> [Task description]: Beneath this line sits some data. Return only its lines from the one holding "Brass led color changing shower head" through the one holding "Cappotto lungo in simil lana, bonprix", inclusive, exactly, with the images removed.
---+---
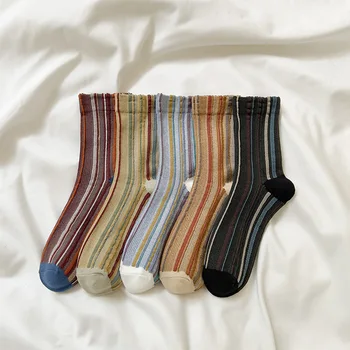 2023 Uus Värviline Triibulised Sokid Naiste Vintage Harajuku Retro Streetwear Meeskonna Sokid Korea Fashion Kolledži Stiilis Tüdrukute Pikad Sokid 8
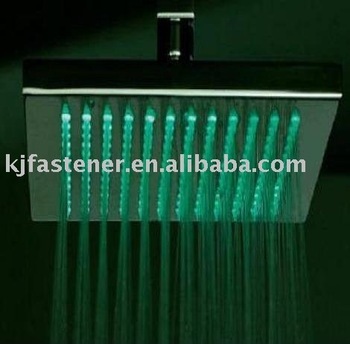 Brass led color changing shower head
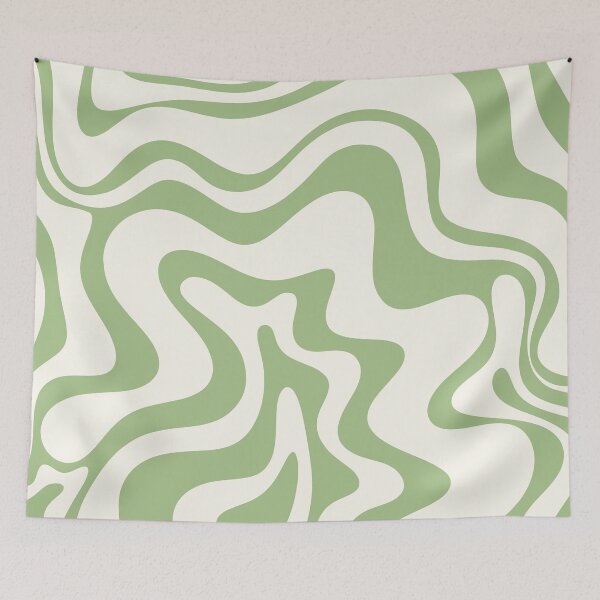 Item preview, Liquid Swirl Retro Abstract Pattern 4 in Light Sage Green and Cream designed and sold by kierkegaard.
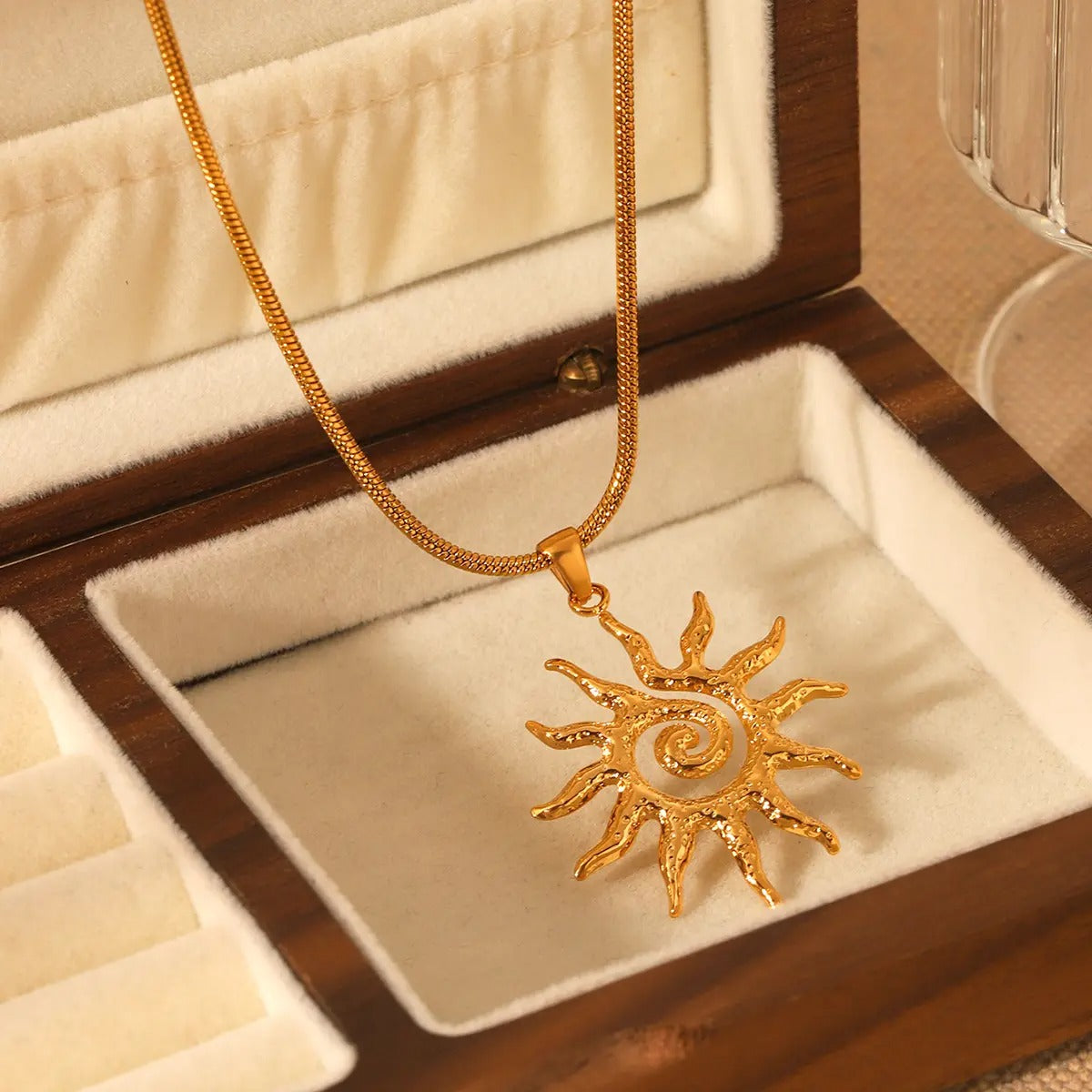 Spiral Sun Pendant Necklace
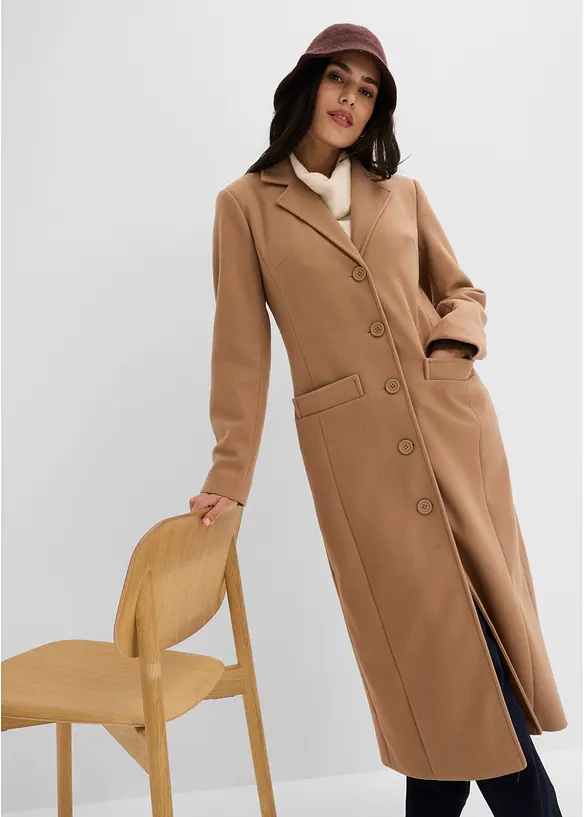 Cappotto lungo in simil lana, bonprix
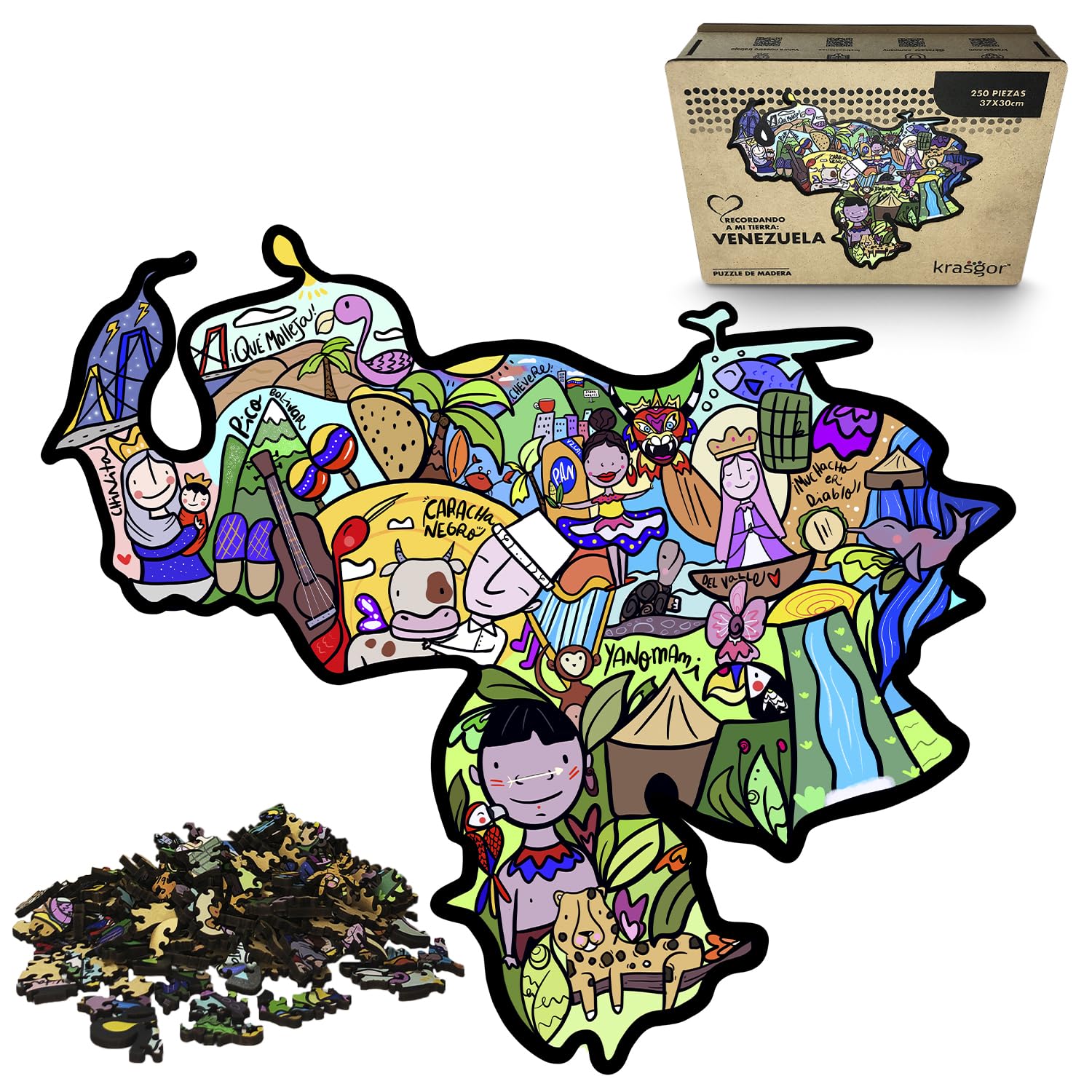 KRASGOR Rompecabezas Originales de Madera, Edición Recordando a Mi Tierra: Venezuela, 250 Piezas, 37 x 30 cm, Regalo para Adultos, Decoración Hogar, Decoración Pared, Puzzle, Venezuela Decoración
---+---
> [Result of the task]:
 Brass led color changing shower head
 Item preview, Liquid Swirl Retro Abstract Pattern 4 in Light Sage Green and Cream designed and sold by kierkegaard.
 Spiral Sun Pendant Necklace
 Cappotto lungo in simil lana, bonprix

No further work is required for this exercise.